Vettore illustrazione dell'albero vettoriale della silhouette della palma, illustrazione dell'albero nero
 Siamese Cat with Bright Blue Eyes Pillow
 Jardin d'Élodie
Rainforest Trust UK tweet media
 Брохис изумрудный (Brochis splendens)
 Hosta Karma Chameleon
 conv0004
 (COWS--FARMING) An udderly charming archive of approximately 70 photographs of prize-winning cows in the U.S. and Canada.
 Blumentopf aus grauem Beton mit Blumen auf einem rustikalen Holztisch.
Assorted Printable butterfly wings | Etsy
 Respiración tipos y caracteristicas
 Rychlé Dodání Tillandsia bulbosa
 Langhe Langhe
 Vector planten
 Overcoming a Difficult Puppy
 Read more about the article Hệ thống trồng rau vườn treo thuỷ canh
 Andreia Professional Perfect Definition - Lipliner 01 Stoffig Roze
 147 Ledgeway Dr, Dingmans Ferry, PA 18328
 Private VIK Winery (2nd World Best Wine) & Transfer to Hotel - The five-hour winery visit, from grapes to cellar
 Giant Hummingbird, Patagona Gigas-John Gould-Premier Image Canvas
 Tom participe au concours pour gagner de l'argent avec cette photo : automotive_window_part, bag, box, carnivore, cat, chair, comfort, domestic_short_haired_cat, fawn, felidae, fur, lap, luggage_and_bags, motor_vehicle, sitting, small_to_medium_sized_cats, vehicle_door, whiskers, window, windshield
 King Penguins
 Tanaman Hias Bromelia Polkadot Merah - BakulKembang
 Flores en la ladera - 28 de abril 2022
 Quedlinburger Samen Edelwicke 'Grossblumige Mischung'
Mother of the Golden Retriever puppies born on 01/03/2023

__What is needed__
Take the entries above and transcribe them exactly as they stand.

__Solution for this problem__
Vettore illustrazione dell'albero vettoriale della silhouette della palma, illustrazione dell'albero nero
 Siamese Cat with Bright Blue Eyes Pillow
 Jardin d'Élodie
Rainforest Trust UK tweet media
 Брохис изумрудный (Brochis splendens)
 Hosta Karma Chameleon
 conv0004
 (COWS--FARMING) An udderly charming archive of approximately 70 photographs of prize-winning cows in the U.S. and Canada.
 Blumentopf aus grauem Beton mit Blumen auf einem rustikalen Holztisch.
Assorted Printable butterfly wings | Etsy
 Respiración tipos y caracteristicas
 Rychlé Dodání Tillandsia bulbosa
 Langhe Langhe
 Vector planten
 Overcoming a Difficult Puppy
 Read more about the article Hệ thống trồng rau vườn treo thuỷ canh
 Andreia Professional Perfect Definition - Lipliner 01 Stoffig Roze
 147 Ledgeway Dr, Dingmans Ferry, PA 18328
 Private VIK Winery (2nd World Best Wine) & Transfer to Hotel - The five-hour winery visit, from grapes to cellar
 Giant Hummingbird, Patagona Gigas-John Gould-Premier Image Canvas
 Tom participe au concours pour gagner de l'argent avec cette photo : automotive_window_part, bag, box, carnivore, cat, chair, comfort, domestic_short_haired_cat, fawn, felidae, fur, lap, luggage_and_bags, motor_vehicle, sitting, small_to_medium_sized_cats, vehicle_door, whiskers, window, windshield
 King Penguins
 Tanaman Hias Bromelia Polkadot Merah - BakulKembang
 Flores en la ladera - 28 de abril 2022
 Quedlinburger Samen Edelwicke 'Grossblumige Mischung'
Mother of the Golden Retriever puppies born on 01/03/2023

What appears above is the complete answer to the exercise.